Graded motor imagery for chronic pain


Background: Phantom limb and complex regional pain syndrome type 1 (CRPS1) are characterized by changes in cortical processing and organization, perceptual disturbances, and poor response to conventional treatments. Graded motor imagery is effective for a small subset of patients with CRPS1.

Objective: To investigate whether graded motor imagery would reduce pain and disability for a more general CRPS1 population and for people with phantom limb pain.

Methods: Fifty-one patients with phantom limb pain or CRPS1 were randomly allocated to motor imagery, consisting of 2 weeks each of limb laterality recognition, imagined movements, and mirror movements, or to physical therapy and ongoing medical care.

Results: There was a main statistical effect of treatment group, but not diagnostic group, on pain and function. The mean (95% CI) decrease in pain between pre- and post-treatment (100 mm visual analogue scale) was 23.4 mm (16.2 to 30.4 mm) for the motor imagery group and 10.5 mm (1.9 to 19.2 mm) for the control group.

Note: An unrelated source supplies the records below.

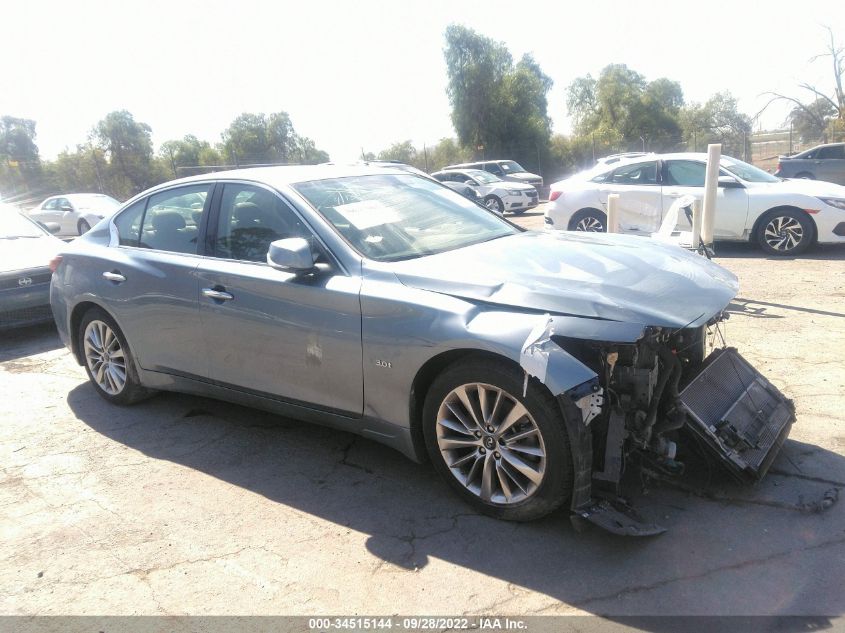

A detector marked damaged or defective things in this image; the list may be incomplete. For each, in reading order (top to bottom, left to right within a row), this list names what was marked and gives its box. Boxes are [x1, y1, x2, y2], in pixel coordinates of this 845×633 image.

crumpled hood [0, 232, 62, 272]
damaged infiniti q50 [49, 164, 796, 532]
cracked pavement [1, 221, 844, 612]
crumpled hood [390, 231, 740, 328]
crushed front end [552, 314, 792, 532]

Improvement in function was similar and gains were maintained at 6-month follow-up.

Conclusion: Motor imagery reduced pain and disability in these patients with complex regional pain syndrome type I or phantom limb pain, but the mechanism, or mechanisms, of the effect are not clear.

See full article at Neurology 67: 2129-34


  1. Peter Andersson says

    Hi Lorimer!

    Found an intersesting, to me new “phenomena” while working , starting up GMI on a patient with pathologic pain in her left arm, hand(my conclusion).

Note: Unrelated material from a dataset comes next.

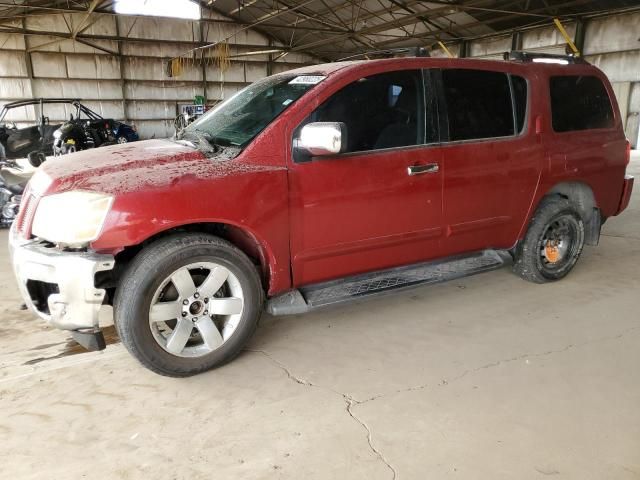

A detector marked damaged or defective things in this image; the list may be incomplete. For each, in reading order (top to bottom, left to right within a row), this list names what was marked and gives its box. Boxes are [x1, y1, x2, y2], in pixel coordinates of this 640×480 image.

front bumper damage [8, 223, 115, 350]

    Coming to step 2, look at images try to imagine movements, positions, patient reported no pain but also an intersting point. While closing her eyes imagining movements with her healthy arm, hand she could visualise her arm. Trying to do the same thing with her affected side she couldn´t visualise that arm, hand for her “inner eye. “It´s just a black spot”.

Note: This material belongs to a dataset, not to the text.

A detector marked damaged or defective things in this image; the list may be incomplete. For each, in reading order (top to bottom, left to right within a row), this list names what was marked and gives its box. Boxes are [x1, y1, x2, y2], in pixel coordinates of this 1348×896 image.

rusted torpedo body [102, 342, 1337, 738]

    I don´t know if you have to be able to “see” your affected bodypart for your “inner eye” to activate pre motor, motor cortices or if it is enough just to give the mental comand to move that part. My guess is that you don´t have to “see”, but of course I don´t know.

    Can´t help but wondering…if that diffrence, not beeing able to “see” that side, could be a sign of even more “programelocks”-protective responses? or possible an inner sign of imobilisation-cortical distortions? Is she not “allowed” to activate motor cortises this way=no pain?

    She can move her arm, hand but hardly won´t because of severe, longstanding elevated painlevel.

    All the best…

    Lorimer Reply:

    Really interesting stuff Peter. I like your idea – i guess it would be worth us all just asking patients about that – the whole closing the eyes and visualise the limb thing. Any takers?

    sarah Reply:

    Hi there,

    I am not currently working in a pain centre, however I was previously. I spent a great deal of time and effort attempting to get a graded motor imagery programme off the ground for people with CRPS and I’m still quite passionate about it.
    What Peter has described above was a factor for all of the patients I can recall that I worked with using the GMI approach. They would describe not being able to “see” the limb from the approximate point where other symptoms were apparent. I wondered about a link between the lack of activity in the somatosensory cortex re. the affected limb as seen on fMRI and this experience that people reported. The more “chronic” patients seemed to need quite some time spent on comparing the pictures in the limb laterality exercises to their own limbs in order to be able to begin to make choices about whether a left or right limb was represented. I could only guess that this was due to their inability to “access” the “invisible” part of the limb.